Saving and Loading Models Using TensorFlow 2.0+

In this article, we will be discussing saving loading models using TensorFlow 2.0+. This is a beginner-intermediate level article meant for people who have just started out using TensorFlow for their deep learning projects.

Why do you need to save a model?

One of the very common mistakes people make as a beginner in deep learning is not saving their models.

Saving a deep learning model both during training and after training is a good practice. It saves your time and enhances the reproducibility of the model. Here are a few more reasons that you might consider for saving a model:

Training modern deep learning models with millions of parameters and huge datasets can be expensive in terms of computation and time. Moreover, you can get different results/accuracy during different training. So it is always a good idea to use a saved model for displaying your results rather than training on the spot.
Saving the different version of the same models allows you to inspect and understand the working of the model.
You can use the same compiled model in different languages and platforms that support TensorFlow eg.: TensorFlow Lite and TensorFlow JS without converting any of your code.

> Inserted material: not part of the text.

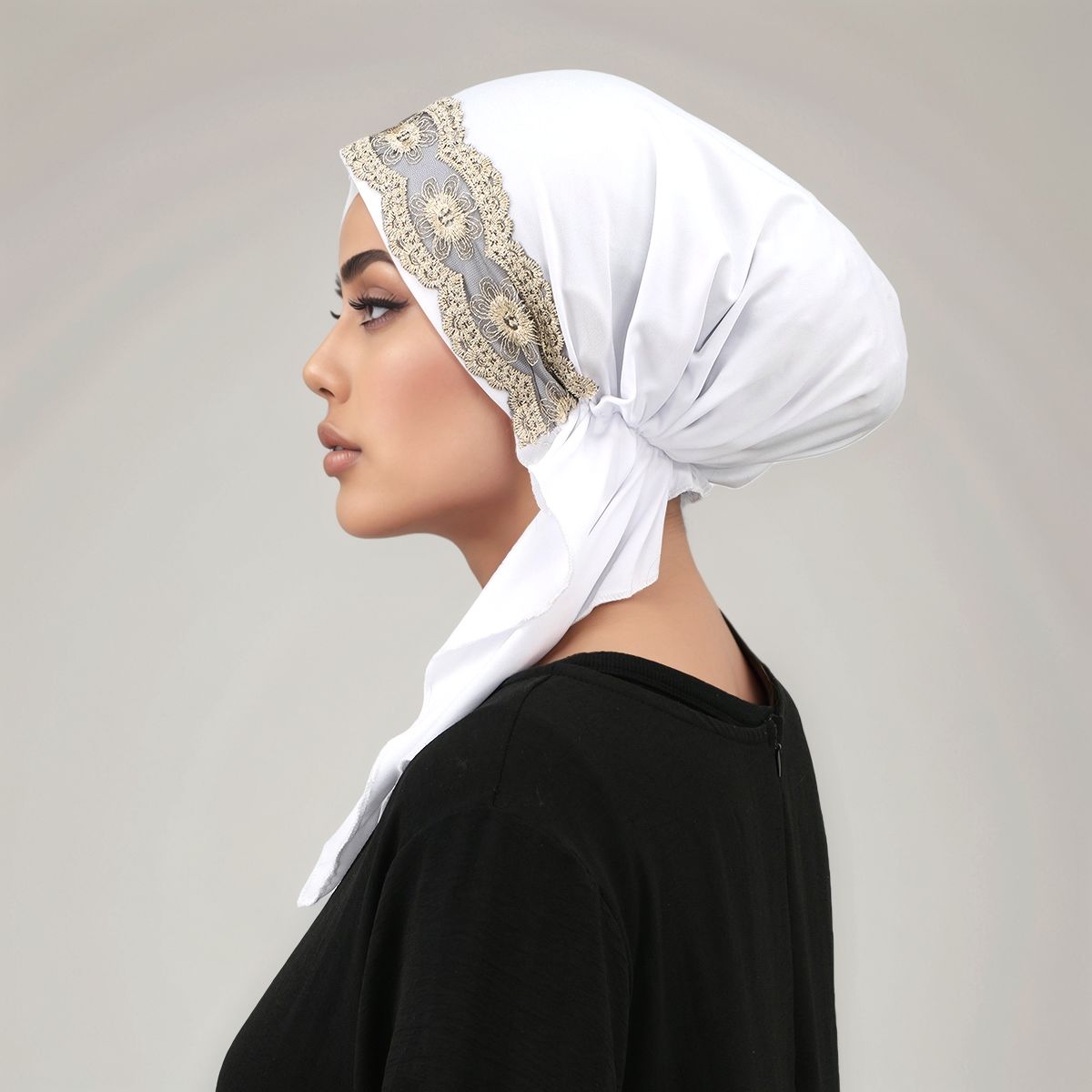 Hijab uni tendance pour femme musulmane, foulard à dentelle ondulée, chapeaux de Ramadan, turbans, bonnets, sous-bonnet élastique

TensorFlow happens to offer a number of ways to save a model. We will be discussing all of them in detail in the next few sections.

How to save a model during training?

Sometimes it is important to save model weights during model training. If there has been an anomaly in your results after a certain epoch, with check-pointing it becomes easier to inspect the previous states of the model or even restore them.

TensorFlow models are trained using Model.train() function. We need to define a model checkpoint callback using tf.keras.callbacks.ModelCheckpoint() to tell the compiler to save model weights at certain intervals of epochs.

Callback sounds difficult but it is not difficult in term of usage. Here is an example of using it.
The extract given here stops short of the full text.